_Data listing_:

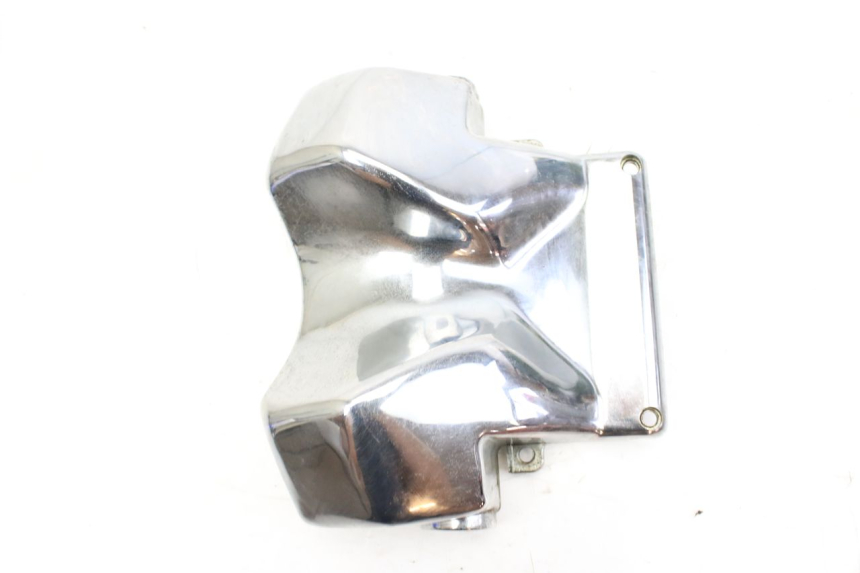 photo de SPEEDOMETER SURROUND SYM HUSKY 125 (1999 - 2005)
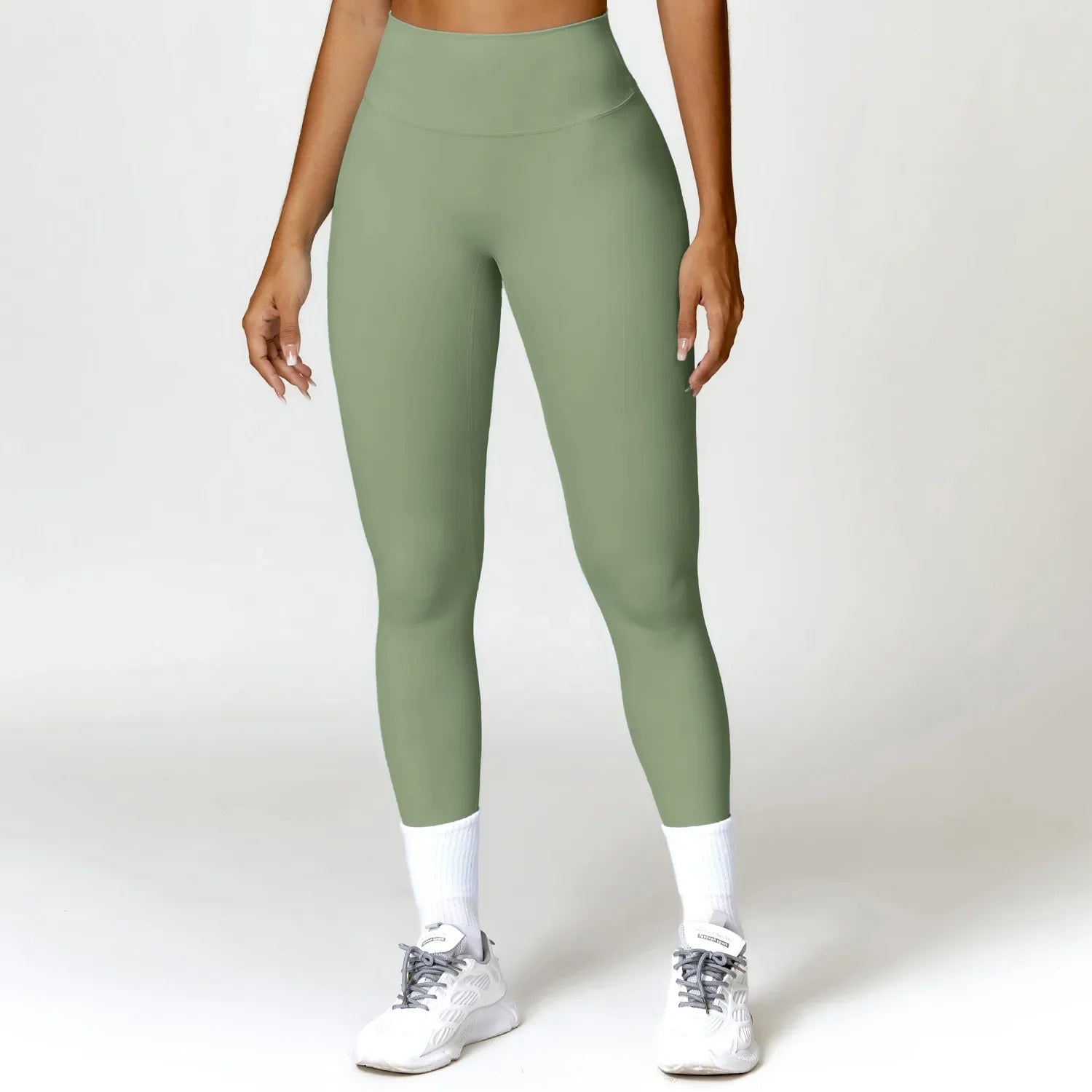 Sports Leggings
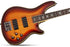 SCHECTER OMEN EXTREME-4 STRING BASS GUITAR- VINTAGE SUNBURST (2048) MADE IN INDONESIA, SCHECTER, BASS GUITAR, schecter-bass-guitar-omenextreme4-vs, ZOSO MUSIC SDN BHD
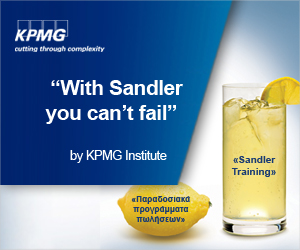 KPMG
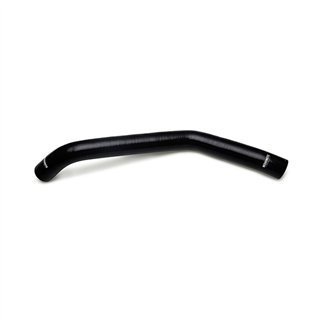 Mishimoto | Coolant Hose Kit - Camaro 1967-1979
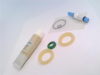 Valve Repair Kit - Radwell International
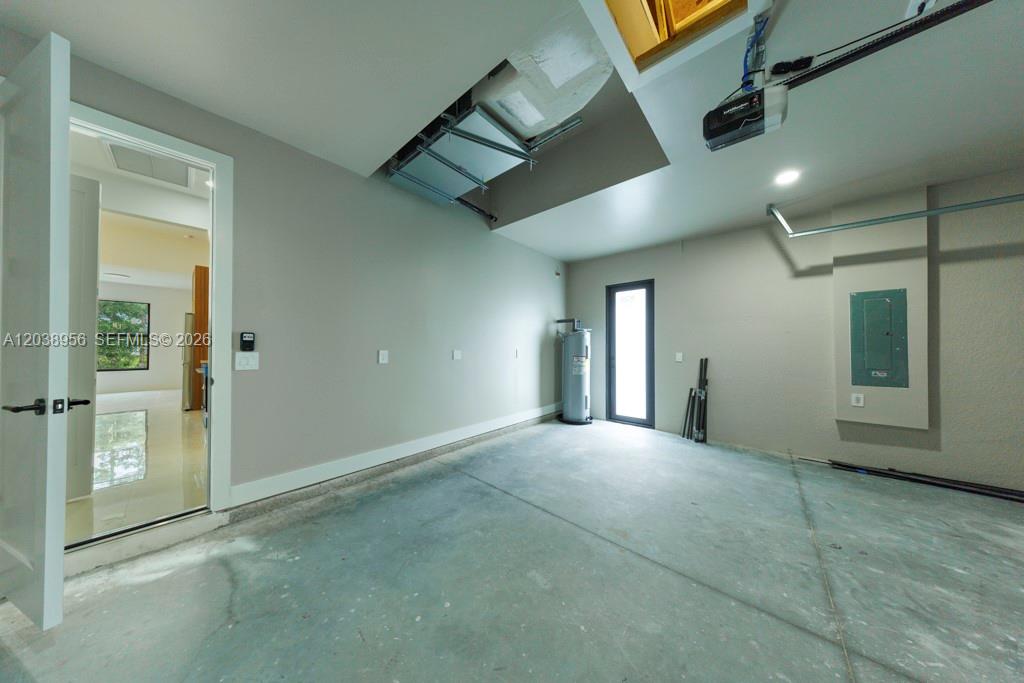 814 Calyton Avenue Property Photo 66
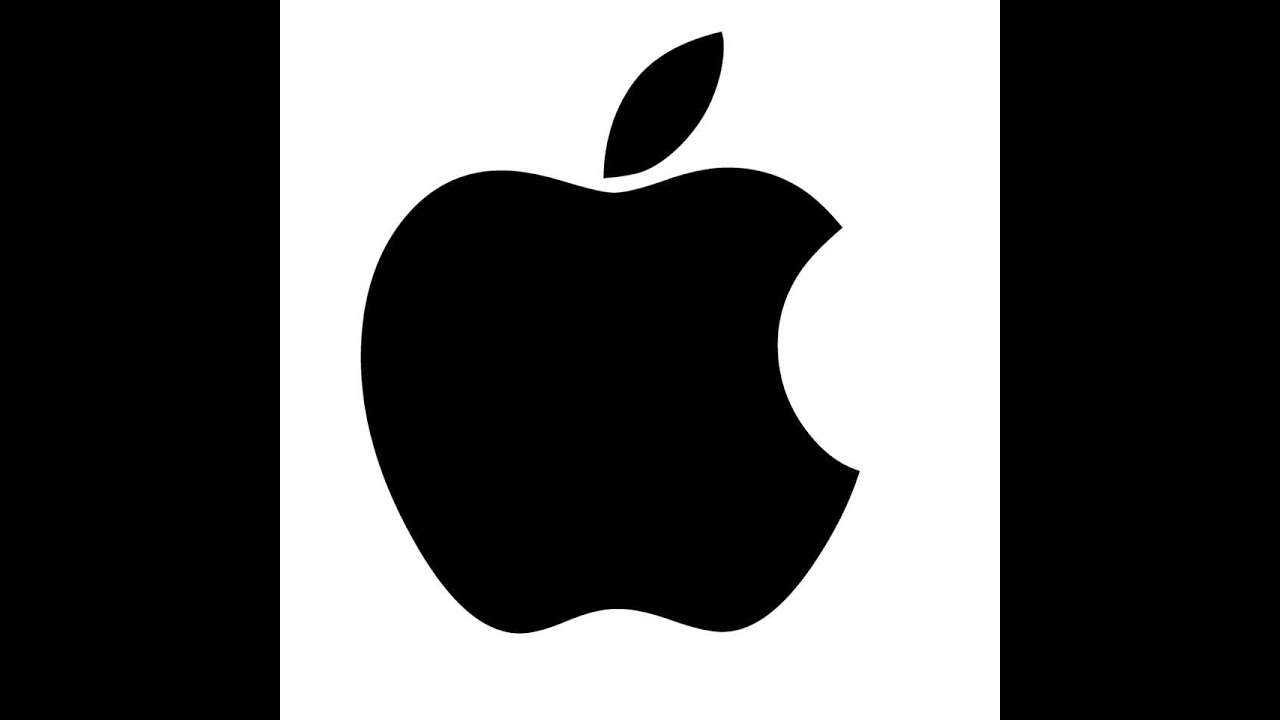 Apple знак. как вставить логотип apple () в текст, при наборе на iphone или ipad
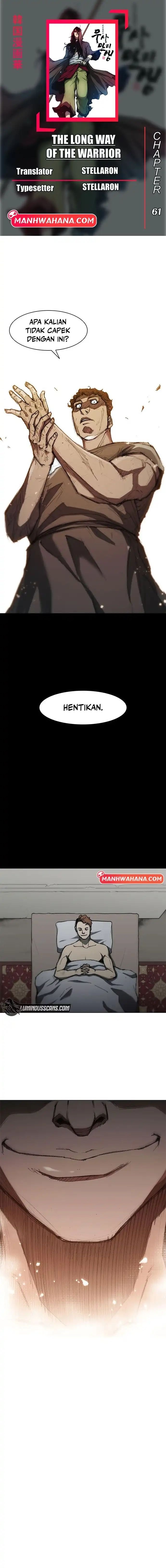 Halaman 1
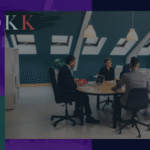 LEGACY GLOBAL SERVICES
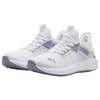 Moteriški batai Puma Softride Enzo 5 Slip 313293 04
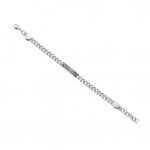Police Jewels Jewelry Peagb0010801 (PEAGB0010801)  JEWELRY_2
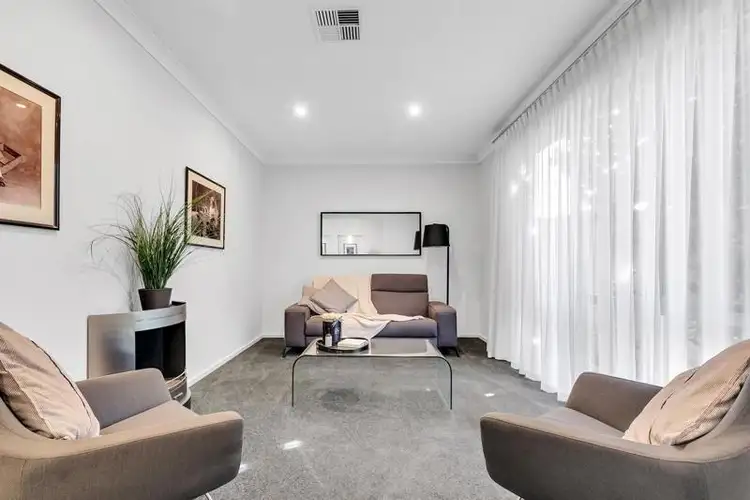 Fourth view of Homely house listing, 6/5 River Street, Marden SA 5070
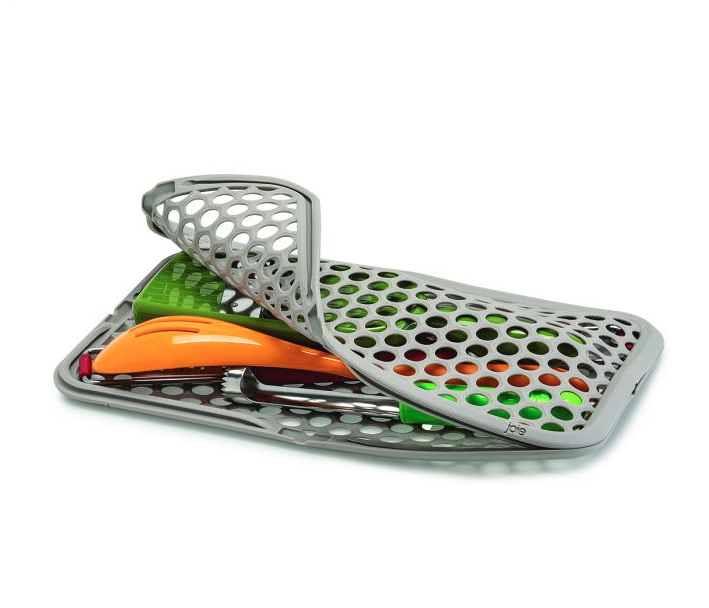 Joie Joie Dishwasher Bags Duluth Kitchen Co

_Your task_: Nothing but the lines from the one containing "Mishimoto | Coolant" through the end of the listing should be printed, each exactly as it appears and without pictures.

_Solution_:
 Mishimoto | Coolant Hose Kit - Camaro 1967-1979
 Valve Repair Kit - Radwell International
 814 Calyton Avenue Property Photo 66
 Apple знак. как вставить логотип apple () в текст, при наборе на iphone или ipad
 Halaman 1
 LEGACY GLOBAL SERVICES
 Moteriški batai Puma Softride Enzo 5 Slip 313293 04
Police Jewels Jewelry Peagb0010801 (PEAGB0010801)  JEWELRY_2
 Fourth view of Homely house listing, 6/5 River Street, Marden SA 5070
 Joie Joie Dishwasher Bags Duluth Kitchen Co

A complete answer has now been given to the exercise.